Greetings, hackers,

Recall that there were two problems identified with SensorShell in Version 6:

(1) sensorshell.jar redundantly includes all of the classes in sensor.*.jar; this means that users could inadvertantly "install" sensors they didn't mean to install by installing sensorshell.jar. We decided that we wanted to get rid of the duplicate classes from sensorshell.jar.

(2) sensorshell.jar includes other libraries. At least one external site (thoughtworks) had library conflicts and needed to unjar/rejar sensorshell to resolve them.

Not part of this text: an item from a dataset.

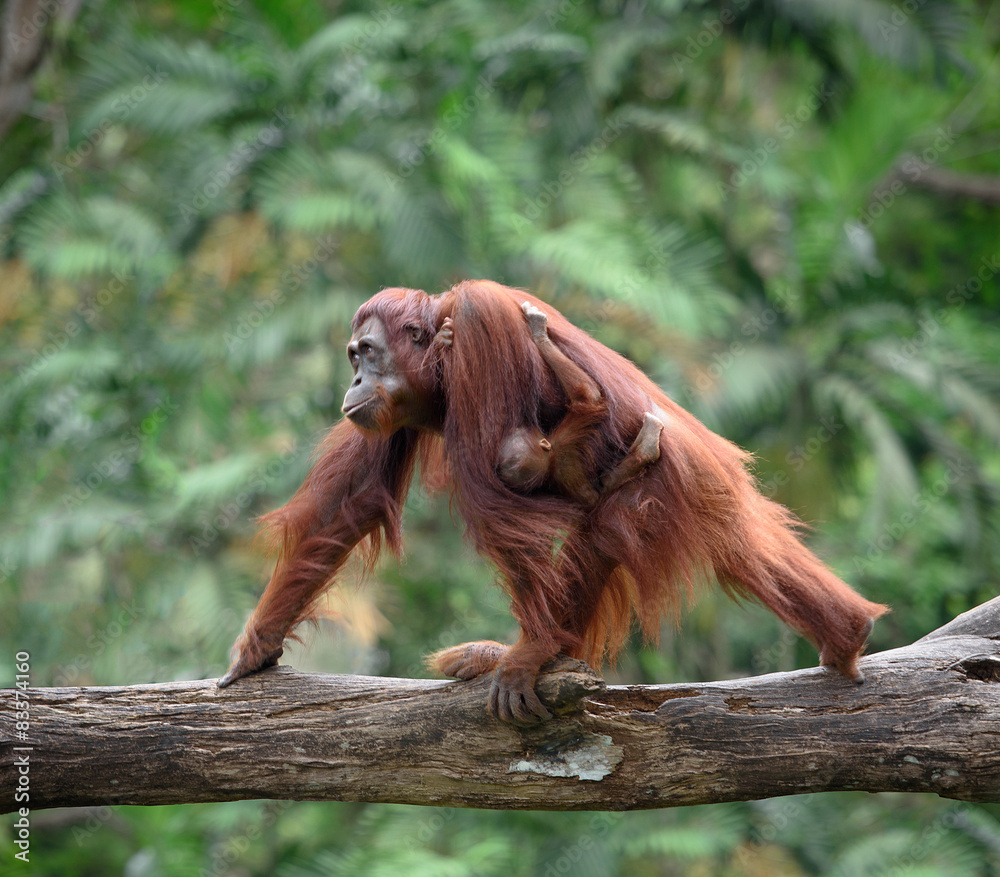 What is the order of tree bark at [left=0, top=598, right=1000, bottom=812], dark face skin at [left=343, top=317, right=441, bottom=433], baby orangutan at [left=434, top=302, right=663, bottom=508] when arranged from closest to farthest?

It turns out that solving problem (1) is trivially easy with the version 7 package structure--we just exclude org.hackystat.sensor.* when creating sensorshell.jar! Indeed, we can go one step further and exclude org.hackystat.app.* to get rid of the application level code as well! (To be honest, I will actually implement this with includes="org/hackystat/core/**, org/hackystat/sdt/**" so that if we decide to add more subsystems, we won't start including them by mistake in sensorshell.)

Now, this has an implication for the current porting of the sensor module code: be sure that you don't copy any third party libraries that your sensor might need into the install.sensorshell.dir directory.

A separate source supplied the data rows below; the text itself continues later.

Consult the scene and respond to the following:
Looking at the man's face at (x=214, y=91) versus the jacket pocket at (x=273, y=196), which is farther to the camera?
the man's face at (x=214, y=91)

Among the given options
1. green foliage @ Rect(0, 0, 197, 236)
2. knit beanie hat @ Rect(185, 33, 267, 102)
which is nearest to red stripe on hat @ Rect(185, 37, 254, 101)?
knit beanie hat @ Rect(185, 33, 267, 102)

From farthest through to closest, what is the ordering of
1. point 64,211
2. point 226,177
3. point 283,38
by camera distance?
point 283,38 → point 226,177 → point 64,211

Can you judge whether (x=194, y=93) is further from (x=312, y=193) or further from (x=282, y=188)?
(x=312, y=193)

Resolving problem (2) might be more complex. While some sensors (such as those based upon Ant) might be fine with a "decomposed" version of sensorshell.jar (since all you have to do is alter the hackyInstaller definition to download the other libraries into ant/lib), some other sensors might find it inconvenient to have to deal with a half dozen jar files instead of just a single sensorshell.jar.

One way out of this would be to have sensorshell.jar continue to have all of the libraries included in it, but also create a sensorshell.nolibraries.jar that does not contain the libraries. Each sensor definition could decide whether it wants to install the libraries separately or bundled. Does this seem reasonable?